**EXERCISE BRIEF:** Leave the pictures behind and reproduce every line of the listing exactly.

**INFORMATION SHOWN:**
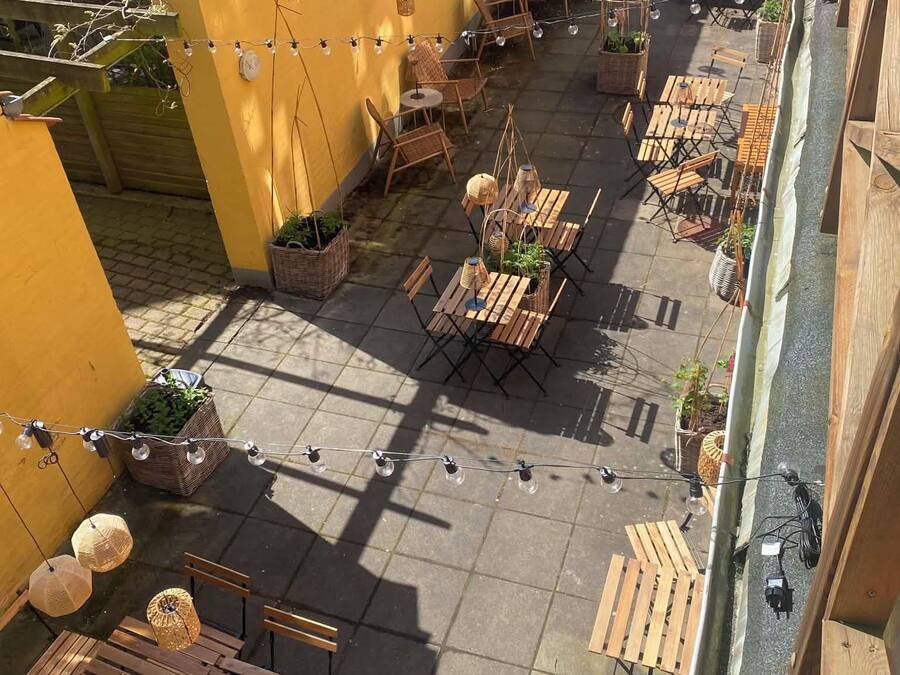 An outdoor patio area with multiple wooden tables and chairs, string lights, and potted plants.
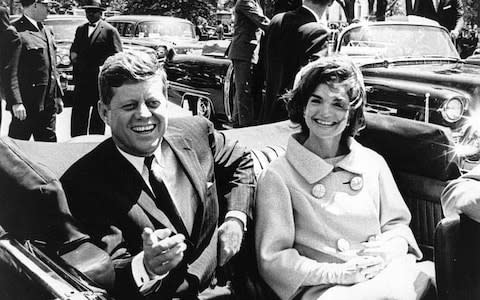 US President John F. Kennedy (L) and First Lady Jacqueline Kennedy in 1961 - Credit:  JFK PRESIDENTIAL LIBRARY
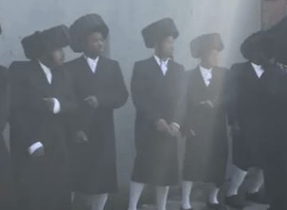 Rapper Nissim Black filming his new hit song accompanied by actors who are all wearing shtreimels and white socks.#onlysimchas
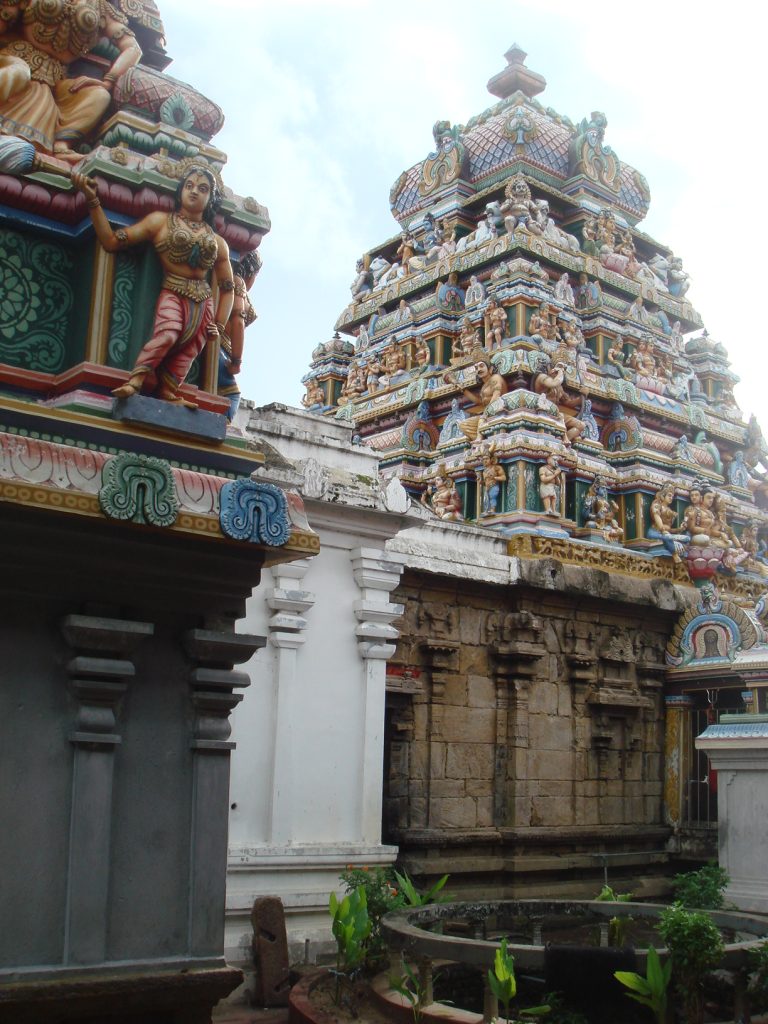 The painted tower of the Siva temple at Munneswaram, covered in figures of deities, rising above the old stone walls of the sanctum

**ANSWER AREA:**
 An outdoor patio area with multiple wooden tables and chairs, string lights, and potted plants.
 US President John F. Kennedy (L) and First Lady Jacqueline Kennedy in 1961 - Credit:  JFK PRESIDENTIAL LIBRARY
 Rapper Nissim Black filming his new hit song accompanied by actors who are all wearing shtreimels and white socks.#onlysimchas
 The painted tower of the Siva temple at Munneswaram, covered in figures of deities, rising above the old stone walls of the sanctum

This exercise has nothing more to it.